Nicht anders als bei der erst von Vasari eingebrachten Terminologie der „Renaissance“ nimmt es nicht Wunder, dass der Begriff des Strukturalismus erst später zahlreichen Projekten im internationalen Vergleich aufgestülpt wurde. Wenn Bernhard Hafner sein Modell einer vielbeachteten Ausstellung in der Neuen Galerie in Graz 1966 „Struktureller Städtebau“ nannte, kommt darin zum Ausdruck, dass implizit strukturalistisches Denken Platz ergriff, das einer künstlerisch ausgeformten Sichtbarwerdung in einer spezifischen Tektur gleichkam. Das Wettbewerbsprojekt der Werkgruppe für Innsbruck/Völs 1962/63 sollte den Mythos des Ortes wiedererwecken, indem ein zugeschütteter See freigelegt und die in die Landschaft komponierten, bogenförmig angelegten Wohnbauten Wasserwege brückenartig überdecken. Die Geschossbauten waren lt.
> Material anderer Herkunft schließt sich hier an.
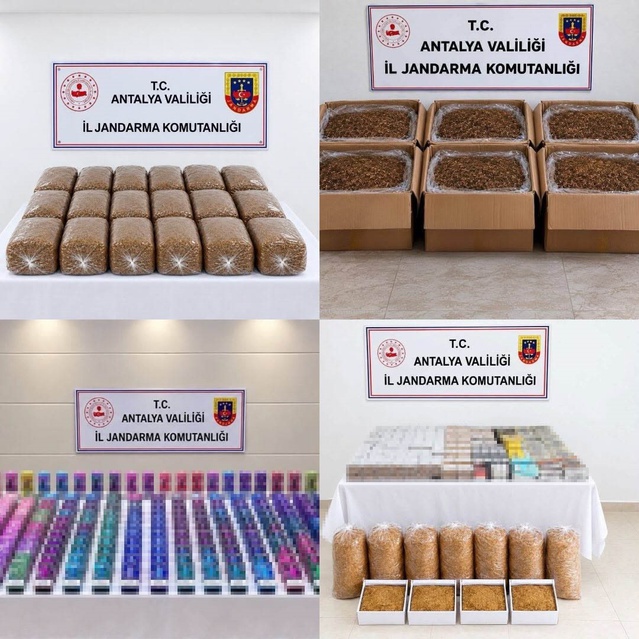 Antalya'da 3 ilçedeki kaçak tütün operasyonunda 500 kilogram tütün ele geçirildi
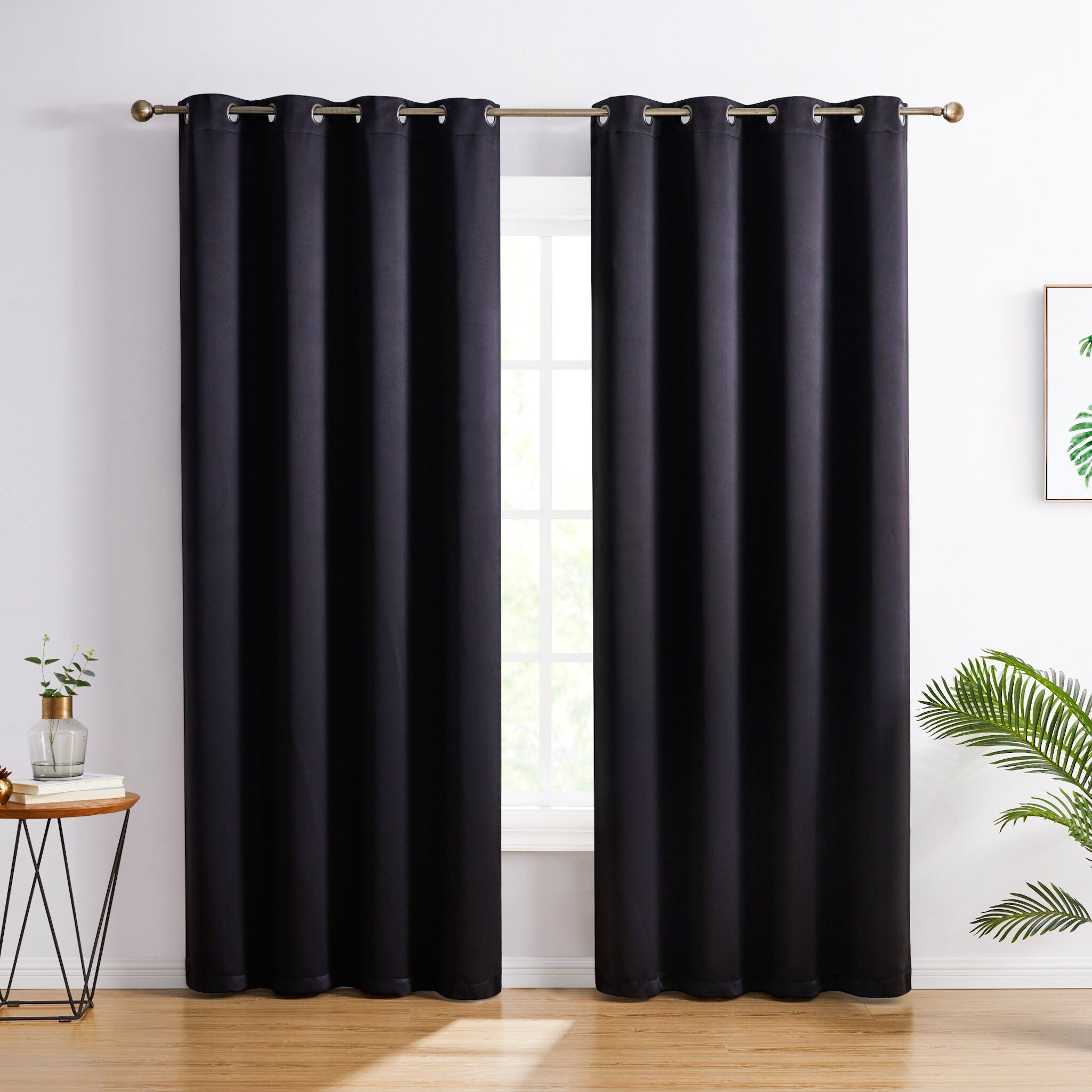 HLC.me Oxford Blackout Curtains - Thermal Insulated Window Treatment Grommet Panels, Set of 2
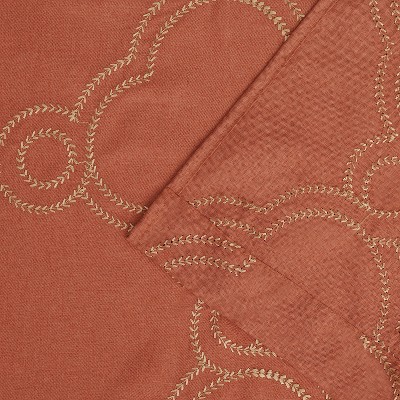 Embroidered Moroccan Trellis Semi-Sheer Grommet Curtain Panel Set, 52" x 63", Rust - Blue Nile Mills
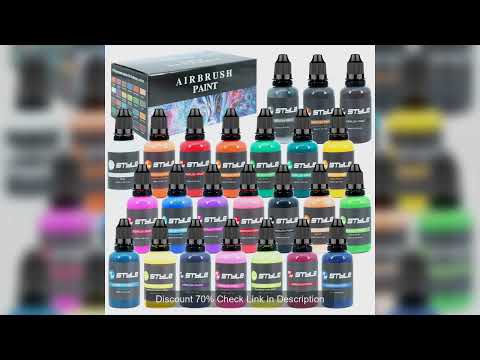 24Colors/Set Airbrush Paint Set, Opaque & Brilliant Acrylic Paint, 1fl Oz, Water Based, Ready To Spr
Baubeschreibung  als ein „über Fixpunkten entwickeltes variables System von Wohntypen auf verschiedenen Niveaus“  gedacht, die exemplarisch dargestellt wurden. Bei der Terrassensiedlung Graz‐St.Peter 1965 gelangten die Forderungen der österreichweiten Ausstellung „Neue städtische Wohnformen“ zur Anwendung, die u.a. eine „horizontale und vertikale Konzentration der Bebauung“ und eine „Verflechtung privater und öffentlicher Funktionen für gemeinschaftsbildende Kontaktmöglichkeiten“ beinhalteten. Auch hier sind implizit strukturalistische Prinzipien angesprochen, ohne dass von einem Strukturalismus die Rede war (in einer Ausstellung der Werkgruppe 1967 akzentuierte der Titel „Kristallisationen“ das grundlegende strukturelle Element).
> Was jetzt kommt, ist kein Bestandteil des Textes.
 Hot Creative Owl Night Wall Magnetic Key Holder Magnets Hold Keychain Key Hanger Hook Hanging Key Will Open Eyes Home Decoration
Domenig und Huth sprechen in der geichzeitigen Ausstellung „Propositionen“ von einem „urbanen Gerüst“, dem als Primärsystem „Bauplätze“ für private und öffentliche Funktionen in einem Sekundärsystem zugeordnet sind. In gleicher Weise kann man eine Reihe internationaler Projekte aus den 60er-Jahren anführen.
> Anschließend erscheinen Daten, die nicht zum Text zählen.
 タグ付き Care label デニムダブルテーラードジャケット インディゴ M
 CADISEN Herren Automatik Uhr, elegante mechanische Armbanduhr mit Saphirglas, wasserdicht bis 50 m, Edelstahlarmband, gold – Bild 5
Das vom Institut für Architekturtheorie, Kunst- und Kulturwissenschaften 2012 herausgegebene Buch „Was bleibt von der Grazer Schule?“ breitet in authentischer Interpretation die Stellungnahmen verschiedener Exponenten der „Grazer Schule“ aus, die verschiedenen Zugang zu einem Strukturbegriff in ihren Arbeiten hatten. Dass Bernhard Hafner diesen Diskurs anlässlich der Werkgruppen-Ausstellung weiterführt, ist erfreulich. Deren Titel „Architektur als Partitur“ hat signifikant vermittelt, dass ein theoretisches Konzept erst dann zur künstlerischen Verwirklichung kommt, wenn ein konkretes Projekt die zugrundeliegende Handlungsanweisung überschreitet und zum erlebbaren Raum wird, der wohl als Zeitdokument erfassbar, aber immer neu von Akteuren (Musikern, Architekten) bespielt wird.

Immer noch bleibt das reale, aus einer konkreten Situation entwickelte Projekt im Schwebezustand zwischen physischer structure (anglizistische Version) und a-physischer structure (romanische Version), wobei mit Strukturalismus letztlich eine Zeitphase bestimmt ist (1960 – 1980), die allerdings im Neuaufleben regelbestimmten Entwerfens (structuralism) durch neue Medien wieder ins Blickfeld rückt.